Wednesday, 14 July 1999
The Lover and The Collection, MTC, 14 July 1999
by Harold Pinter
MTC Fairfax Studio until August 14, 1999
Reviewer: Kate Herbert
In a recently screened interview with Harold Pinter, he exuded an atmosphere akin to that of his plays. He was cryptic, slow to respond, considered, laconic and often hilarious without cracking a smile. He has a stately presence, a bulky sensuality, resonant voice and a wicked irreverence for just about everything.
Melbourne Theatre Company have twinned two of his short plays: The Lover and The Collection. They are a happy marriage.
The Collection is directed by Jenny Kemp) with a delicate restraint and balance which matches Pinter's sharply honed dialogue. It is enhanced by a spare, cool design (Richard Roberts) with its flat grey surfaces and sleek furniture.
Bill (David Tredinnick), a clothing designer and Ex-"Slum Slug", lives with the older Harry (Bruce Myles) in an ambiguous relationship and a flash apartment. James (Robert Menzies) blunders in to interrogate Bill about James' own wife (Melita Jurisic).
The play moves in a near circle, with the end echoing the beginning. Similarly, The Lover appears to return to its start but, in both, nothing is the same and nothing is resolved.
The Lover, with lively direction by Bruce Myles, has a far greater sense of the menace which is characteristic of Pinter's theatre. An innocuous suburban husband and wife seem to tolerate each other's lovers but it becomes clear that their world is twisted by their bizarre secret life. Both plays revolve around a sexual fantasy in some way.

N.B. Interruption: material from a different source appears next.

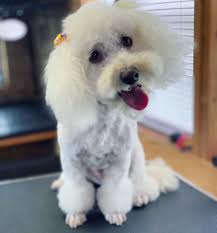 Introduction of new dog groomer in Santa Fe with discount offer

All four performances are delightfully eccentric and combine an emotional intensity with heightened physicality. The outcome is interesting: melodrama viewed through a broken glass.
Tredinnick as Bill has a boyish seductiveness and his background dancing in the second play is hilarious. Myles is edgy and dry as Harry while Menzies presses alarm bells with his dangerous characters in both plays.
The 180 -degree turn in the characters in The Lover, is disturbing and comic and the seduction scene is both erotic and lunatic. Jurisic hits a peak of her hallmark eccentricity in this scene. Pinter is not a writer to be described. See these plays. They are gems.